According two recent decisions of the Karlsruhe Higher Regional Court (“Oberlandesgericht”) and the Munich Higher Regional Court, commercial tenants are generally obliged to pay full rent during a lockdown. The Dresden Higher Regional Court, on the other hand, holds that a retailer may regularly reduce its rent payments by half during government closure orders. The courts allowed an appeal to the German Federal Court of Justice (“Bundesgerichtshof”). Will the Federal Court of Justice stick to its pre-Corona lessor-friendly course in the lockdown cases?

Karlsruhe and Munich: Rent adjustment only in exceptional cases that pose an existential threat

The Karlsruhe Higher Regional Court had to rule on the rent payment of a retailer ("KiK" store) who did not pay rent during the first lockdown in March/April 2020 and was sued for payment by the landlord (judgment of February 24, 2021 – 7 U 109/20). The court examines the legal requirements in a scholastic way.
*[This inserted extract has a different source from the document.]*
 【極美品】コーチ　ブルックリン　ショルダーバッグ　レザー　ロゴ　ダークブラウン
First, the court finds that the government restrictions during the first lockdown did not result in a defect of the leased property. A defect of the leased property would require a specific impact to the condition, state, or location of the rental property. Impairments of use due to government lockdown restrictions do not cause such an impact; they only have an impact on the use of the leased property. The use of the leased property, however, is in the hand of the tenant. In principle, the tenant must bear the risk of use. Thus, the Karlsruhe Higher Regional Court, like the majority of the regional courts dealing with lockdown cases in 2020, follows the case law of the Federal Court of Justice already issued before the Corona crisis (in particular judgment of July 13, 2011 – XII ZR 189/09).

For the same reason the Karlsruhe Higher Regional Court also denies an impossibility that could lead to a release from the rental payment obligation.
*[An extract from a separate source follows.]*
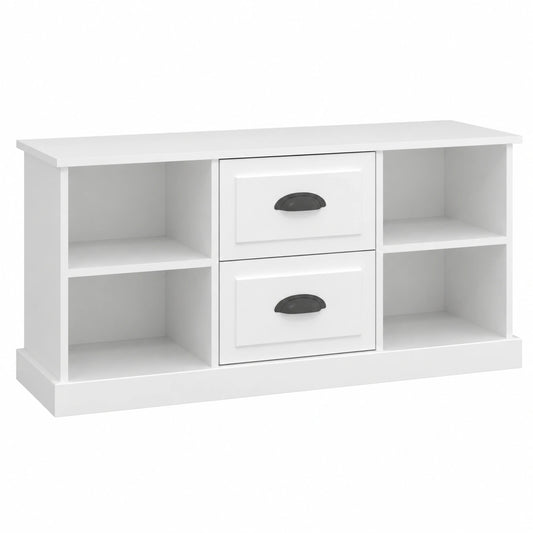 Mobile TV scandinavo bianco con cassetti e vani aperti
Moreover, the Karlsruhe Higher Regional Court rejects an adjustment of the lease agreement due to an interference with the basis of the transaction. In order to successfully claim an adjustment of the lease agreement, the tenant must generally prove the following three prerequisites:

  • First, circumstances which became the basis of a contract have significantly changed since the contract was entered into ("real element").
  • Second, the parties would not have entered into the contract or would have entered into it with different contents if they had foreseen this change ("hypothetical element").
  • Third, it must be unreasonable for the tenant to to uphold the contract without alteration ("normative element").

The court points out that the recently enacted Art. 240 Section 7 of the Introductory Act to the German Civil Code (EGBGB) only overcomes the first and easiest hurdle to jump ("real element"). Neither does the new provision shake the second hurdle ("hypothetical element") nor the third hurdle ("normative element").

According to the court, the claim for an adjustment of the lease agreement sought by the tenant in the individual case fails at the third hurdle. Adhering to the unchanged contract would only be unreasonable for the tenant if the use of the tenant meant the destruction of his existence or at least a severe impairment of his economic progress and if adherence to the contract lead to an unsustainable result that was simply no longer compatible with law (with reference to a judgment of the Federal Court of Justice from December 20, 2004 – VIII ZR 41/04.) Whether or not adherence to the unchanged contract would lead to an unsustainable result that was simply no longer compatible with law does not depend solely on any loss of sales by the tenant during the lockdown – the bigger picture has to be looked at. In the case decided, the court saw no unsustainable result that was simply no longer compatible with law and accordingly the court rejected the claim for an adjustment of the lease agreement.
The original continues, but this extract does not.